Monday, Jul. 19, 1976
Tale of Two Mothers
That both of the female baboons at San Antonio's Southwest Foundation for Research and Education had become mothers on Sept. 5, 1975, was hardly unusual. That each was the mother of the same infant male baboon was another matter entirely. In fact, delivery of the baby baboon, reported in Science, was the first birth of a primate resulting from an embryo transplant.* It also may have brought closer the day when a woman who can conceive but is unable to carry a child through a full-term pregnancy could allow another woman to carry and give birth to her infant.
The successful experiment began in Texas in the spring of 1975, when Researchers Duane Kraemer, Gary Moore and Martin Kramen removed a fertilized egg from a baboon five days after she had mated with a male. At that point the egg had moved from her fallopian tube and was floating freely, but it had not yet become implanted in the uterine wall, where there would have been more difficulty in removing it. The fertilized egg was then implanted in the uterine wall of a second female that had been chosen as foster mother because she had ovulated on the same day as the genetic mother (which meant that her uterus was prepared to accept the embryo). The foster mother carried the developing fetus for 174 days and then gave birth to a normal male infant.

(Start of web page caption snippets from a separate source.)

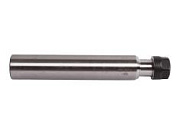 Патрон цанговый C20-ER11A-100 ANROKEY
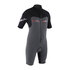 Gul Perfil Chapo 3 / 2Mm Para Hombre Traje De Vela - Blk / Grpht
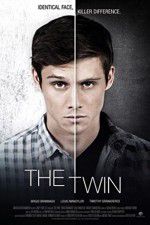 Watch The Twin Gomovies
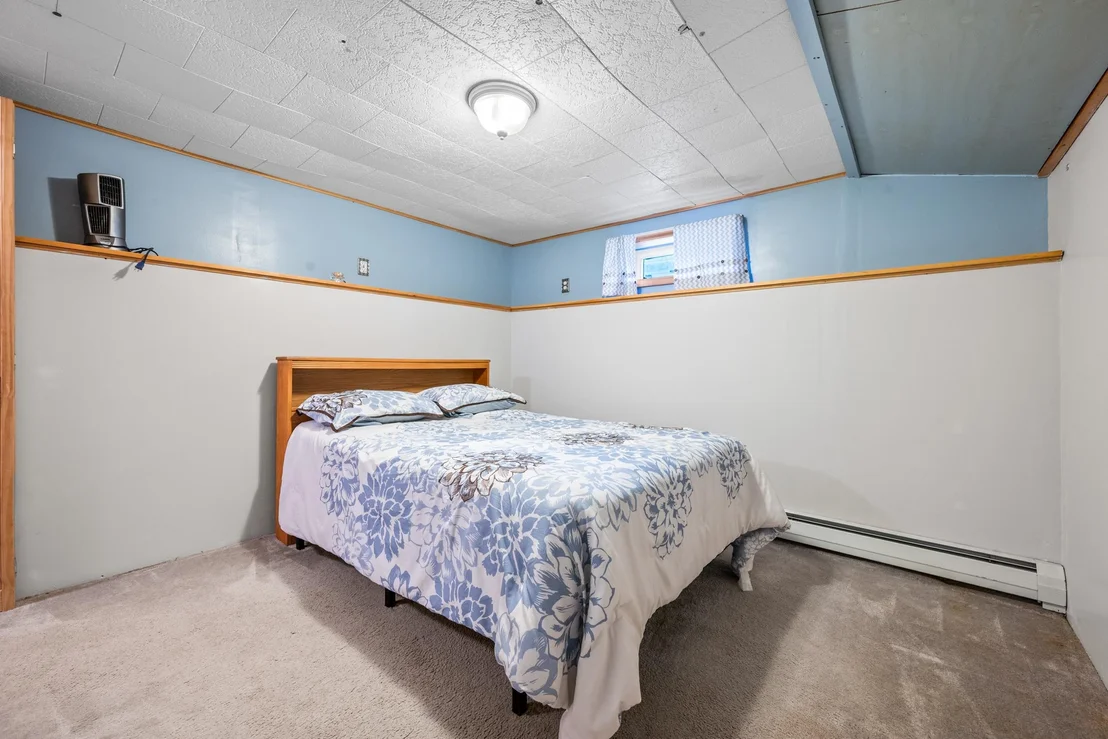 Photo of 80 Marne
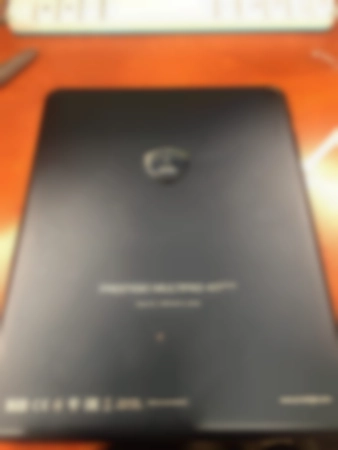 Ремонт планшетов Prestigio MULTIPAD 4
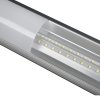 LED svietidlo 36W / IP20 WTL1200 / 4000K - LNL123A_3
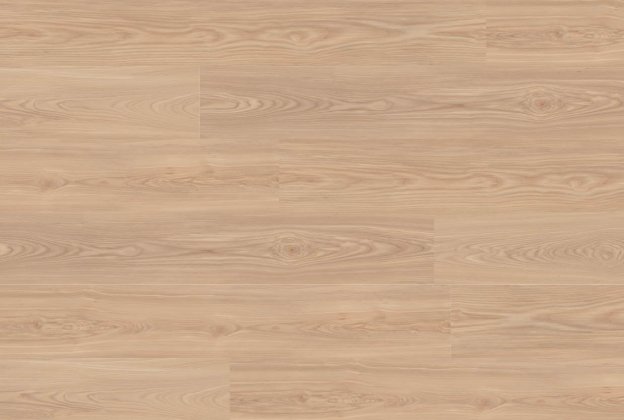 LVT Vinylparkett D01073 CHERRY_1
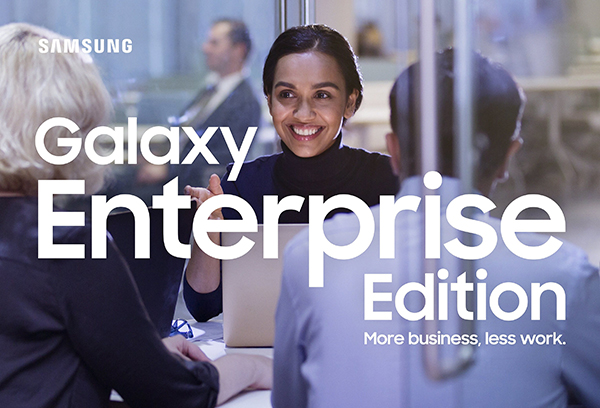 1. Galaxy Enterprise Edition KV_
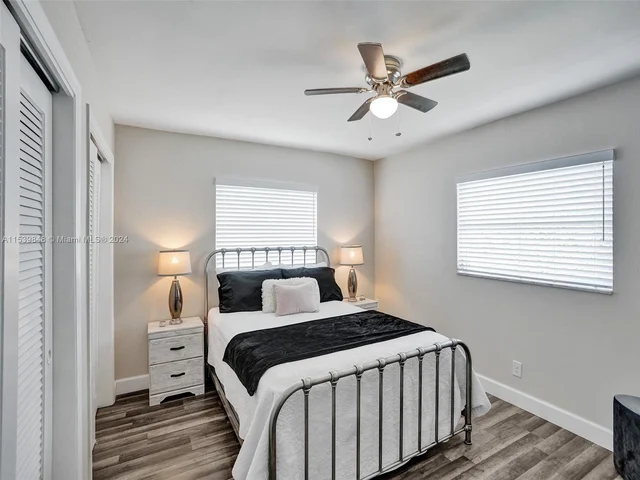 1020 NW 73rd Ter, Margate FL 33063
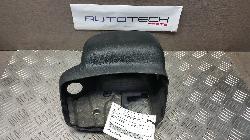 View Auto part Steering Column Shro Hyundai Getz 2009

Quick Payoff. While many ethical and legal problems remain before embryo transfers become possible in humans, repetition of the Texas experiment could provide some quick payoffs in primate research. In studies of high blood pressure (hypertension), for example, a female baboon with a genetic tendency toward hypertension could be used to provide researchers with many more animals with the same condition. She could be mated once a month, and her fertilized egg removed each time for implantation in a foster mother. The foster mothers would then give birth to infants with a predisposition to hypertension.
* Embryo transfers have been performed successfully in cattle and rabbits for years.